These projects are being shared in the hope that they might provide some practical support and ideas for those of you trying to acquaint young people with this amazing world in which we live.

The activity sheets can be used in either formal settings such as classrooms or in informal settings, such as nature centers or homeschooling contexts.  Some could serve as ‘take-home’ materials at Farmers Markets or as pages available for coloring (or as prompts) on children’s art tables at Environmental Awareness festivals or fairs.

These activities are designed to help in people’s efforts to transmit to new generations a love and understanding of this sacred and complex planet.  If you’re reading these words now, perhaps you already share my belief that one of our tasks as adults is to ensure that young people continue to be animated by a true awareness and knowledge of the wondrous natural world – and by a sturdy emotional sense of connectedness to it all.  The goal, from my perspective, is to equip young people with insights, attitudes, and skills that will allow them to be both glad and able contributors to the health of their local communities, bioregions, and the Earth Community in general.   I hope that the projects described here will enhance or facilitate your own work towards this larger endeavor.

Edith with Japanese Maple

Biography

These resources have been developed by Edith Pucci Couchman.  Edith has been teaching about the visual arts and environmental science for over twenty-five years in Southern New Hampshire and North Central Massachusetts, in settings ranging from Nature and Arts Centers to public, independent, and Catholic  schools.  Most of her teaching has been with students aged 5 to 12, however she has also designed classes for three-year-olds (with their parents and caregivers) and presented programs for adults.  She is blessed to be the mother of two wonderful grown children and the grandmother of two.

Edith’s educational preparation includes a B.S. in General Science with Distinction from the University of Iowa in Iowa City.  She was elected to Phi Beta Kappa.  She pursued graduate studies in Environmental Education leading to formal teaching certification in Elementary and Science Education for students in grades K to 9.  She has participated in the Cooperative and Organic Food Movements since her university days.  She has also worked as a graphic artist, cartographer, and independent painter with artworks in numerous private collections.  She has been privileged to study with many inspiring artists along the way, including particularly Antonio Cirino, S. Carl Fracassini, Forrest R. Bailey, and Jinghua Gao Dalia.

Mrs.
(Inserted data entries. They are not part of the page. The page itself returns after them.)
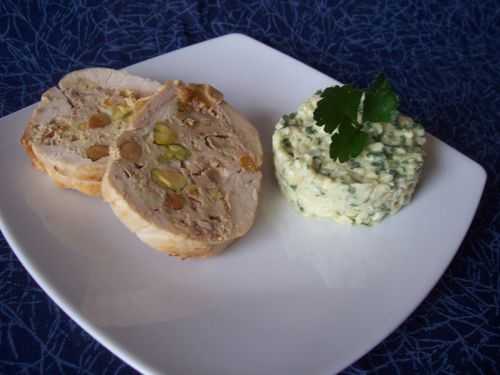 Escalopes de volaille à la farce au foie gras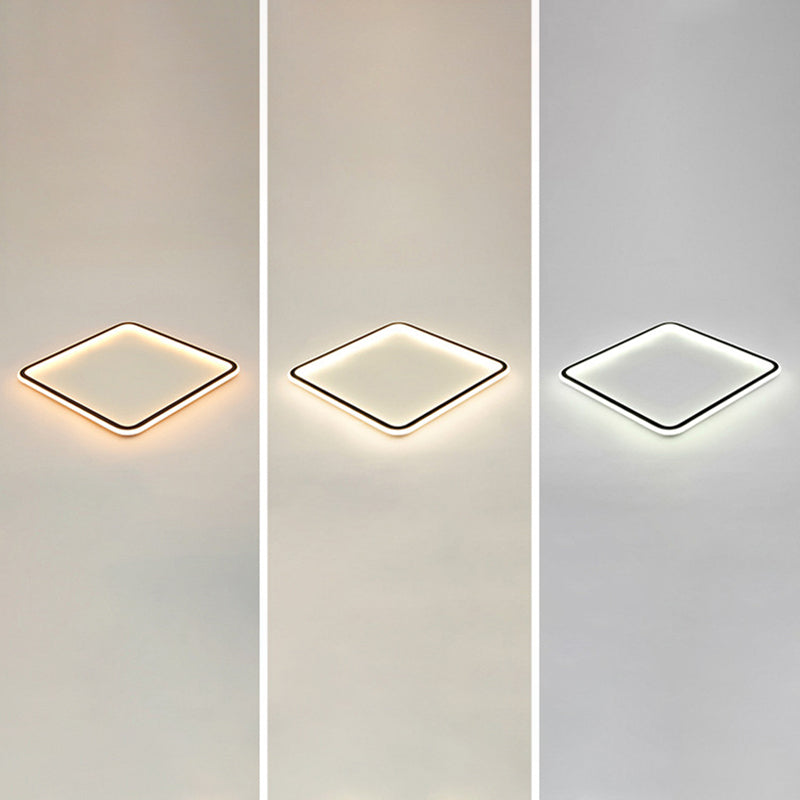 Minimalist Black Metal Flush Mount Ceiling Lamp With Square Ultrathin Led - Perfect For Bedrooms /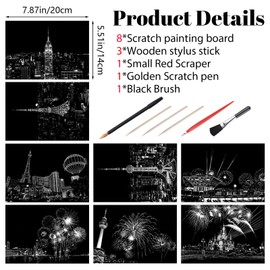 URROMA 8 Pieces Scratch Painting Postcard Set Rainbow Painting Scratch Off Doodle Paper Landscape Scratchboard Scratch Paper Art Kits with Tools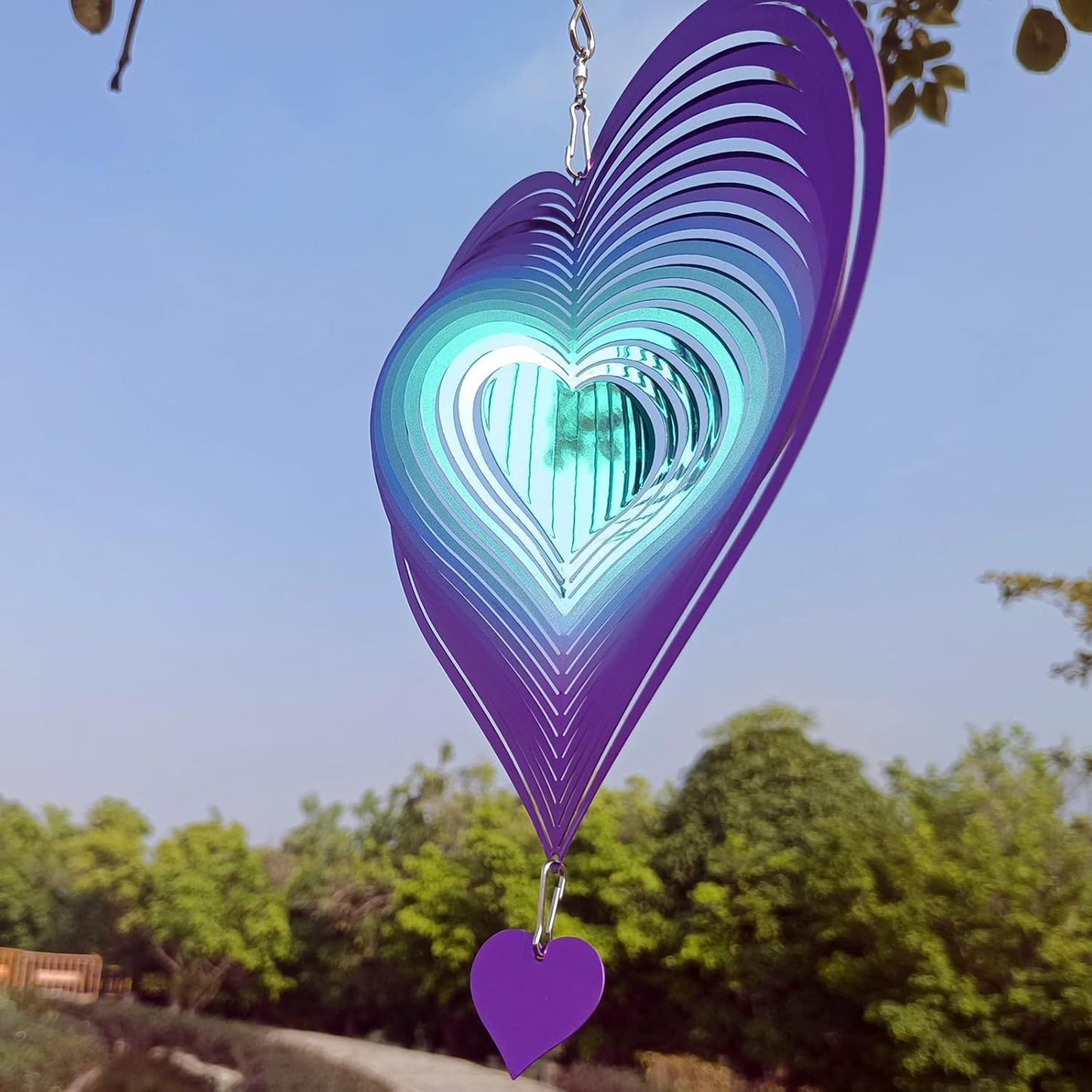 DJUAN Wind Spinner Purple-Green Gradient Love Heart 3D Metal Hanging Wind Spinners Worth Gift Stainless Steel Yard Art Decorations Indoor/Outdoor Kinetic Wind Sculptures & Spinners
Couchman was the grateful recipient of the 2014 Hillsborough County Conservation District’s Teacher of the Year award, and the 2017 NH Excellence in S.T.E.M. Teaching award (Grammar School level) from the Joint Committee of NH Engineering Associations.  Her fifth article for the Canadian environmental magazine “Green Teacher” was published in 2018 Winter issue.  She was the principle illustrator for NH Farm to School’s Indigenous Harvest Calendar, released online in September, 2020.  She serves on the Board of the Northeast Organic Farming Association of New Hampshire.  Her collection of games and activities for learning about fellow creatures and processes in the temperate forests of eastern North America, Circling the Sun, Racing the Wind, is scheduled for publication by Green Writers Press of Vermont in Fall, 2023. 

Edith has presented workshops at state, regional, and national conferences for organizations including the National Art Education Association, the New England Environmental Educators Alliance, and the Natural Start Alliance of the N. American Association for Environmental Education.  Her artworks (paintings and drawings) have been exhibited in venues including the U. of Wisconsin’s Arboretum in Madison, WI, the Springfield Museum of Art in Springfield, MA, the Sharon Arts Center and the Mariposa Museum in Peterborough, NH, and the Anne Marie Sculpture Garden and Arts Center in Solomons, Maryland.